Provo • Until a few days ago, JJ Nwigwe had never touched a football during a game, or even a simulated game, in his life.
But there was BYU’s No. 96, recruited to the school as an offensive lineman, catching a pass in practice from Tanner Mangum this week. Nwigwe’s catch thrilled tight ends coach Steve Clark so much, the coach sprinted onto the field to congratulate the big guy.
“First time for everything, I guess,” Nwigwe said. “Before that, I had never caught a football in a game in my entire life.”
Nwigwe was brought to BYU from Rockwall-Heath High School in Texas with the intention to make him its starting left tackle some day. He was listed as the backup to Thomas Shoaf at that spot coming out of spring camp. However, Nwigwe was asked by coaches to put a few more pounds on his frame, and when he didn’t, they asked him to make the move to tight end.
“There is a lot of competition going on [at left tackle or left guard],” he said Wednesday. “I was kinda still on the lighter side. I didn’t really make the weight I was supposed to make. I weigh about 265, 270.
So now he’s a bigger tight end, as opposed to a smaller left tackle.
“I probably didn’t take as many supplements as I needed to, but I tried to put on the weight. It just wouldn’t come up as fast as I wanted it to,” Nwigwe said. “It is starting to come up, so hopefully I can figure it out. Problem is, I don’t know if I should lose weight now, or gain weight.”
Nwigwe hopes his blocking skills will help him see the field at tight end. He thinks he can “get the job done,” but knows when it comes to catching passes the other tight ends — Matt Bushman, Moroni Laulu-Pututau, Tanner Balderree and even freshman Bentley Hanshaw — have more experience.
“I am always a positive guy, so I will stay happy,” he said. “I don’t see any reason to be all mopey and sad all the time, so I am just usually a pretty positive guy. I love it here. I love [coach Kalani] Sitake. He made it great. With Sitake, there is no reason to be sad. He is always so welcoming. He’s the greatest guy in the world. With Sitake it has made the transition [from coaching staffs] so much easier.”
Shoaf looks to shine again
Nwigwe wasn’t the only BYU player trying to gain weight in the offseason. Sophomore offensive lineman Thomas Shoaf fought that battle as well after a standout freshman season that saw him earn Freshman All-America honors from the FWAA.

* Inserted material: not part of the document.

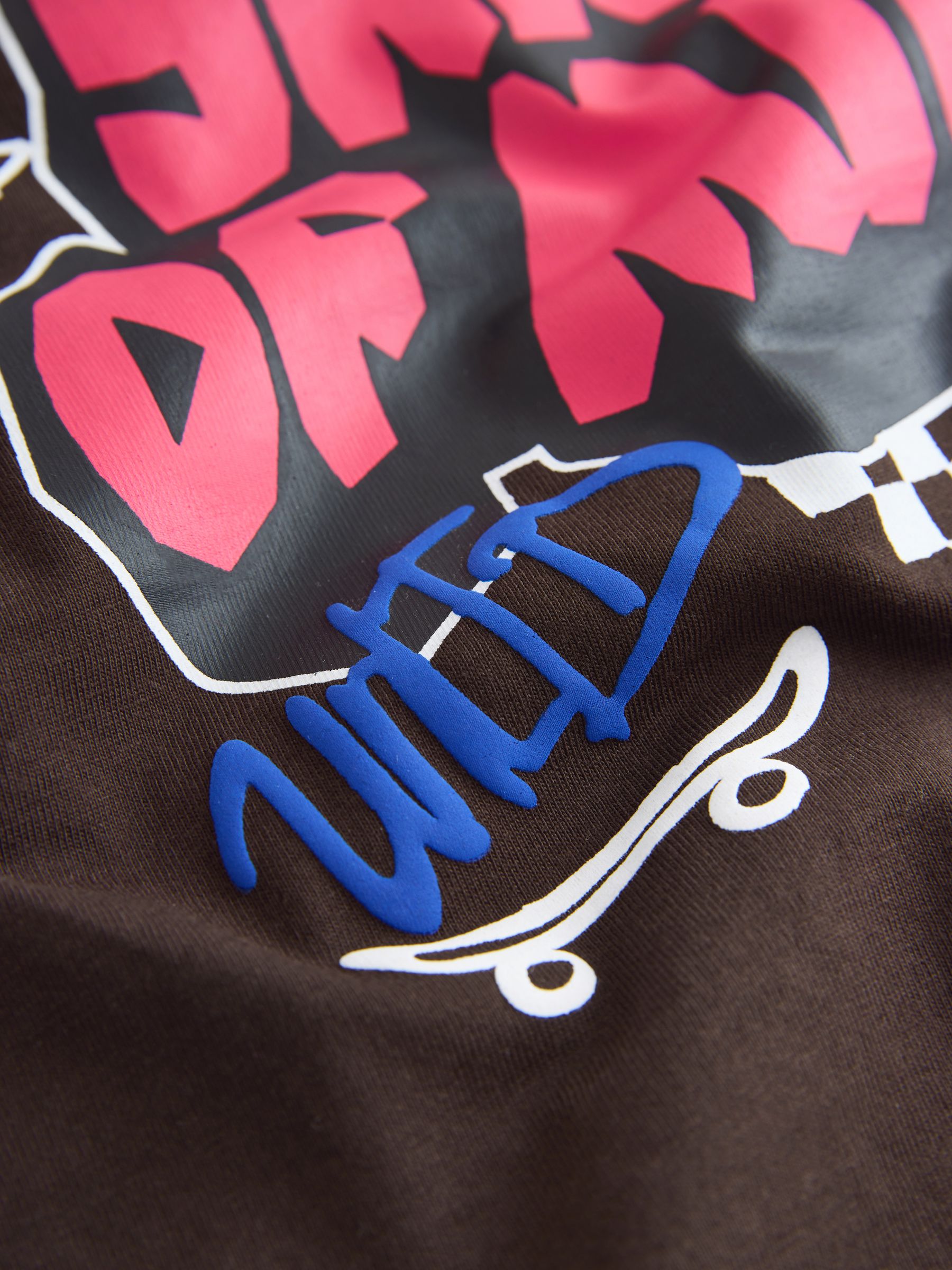 Buy Brown Back Print Short Sleeve Graphic T-Shirt (3-16yrs) from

“I still need to gain quite a bit of weight. It is a struggle for me,” Shoaf said Wednesday. “I am at about 275 [pounds] right now. I would like to be 285 this season and then obviously get up to 295, 300 for my junior and senior years. But I am just trying to put on weight, but make sure it is good weight at the same time.”

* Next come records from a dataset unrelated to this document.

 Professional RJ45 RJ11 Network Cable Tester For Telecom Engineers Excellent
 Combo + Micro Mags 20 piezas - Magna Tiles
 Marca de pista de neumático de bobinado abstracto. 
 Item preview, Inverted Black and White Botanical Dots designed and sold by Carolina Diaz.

Shoaf, who served an LDS Church mission to Hawaii, became the starting right tackle last season when Ului Lapuaho was injured in the Utah game and never gave it up.
“I am eating everything but the kitchen sink,” Shoaf said of his efforts to pack on pounds. “It is quantity [eating], but the big thing for me is to make sure I get the rest, too. I want my body to be able to process and use what I’m eating.”
He was moved over to left tackle weeks after the Poinsettia Bowl.
“I was given the opportunity as the only returning tackle. It was kind of handed to me, and I am showing that I deserve it. It is a spot I think I can handle, to make sure Tanner [Mangum] can trust us.”
With Nwigwe moving to tight end, Shoaf’s primary backup is redshirt freshman Chandon Herring, who is also seeing some reps at guard.
“We are really excited about our depth,” Shoaf said. “Obviously, having four starters coming back helps a lot. We’ve got some great young guys who are stepping up and are going to do some great things for us.”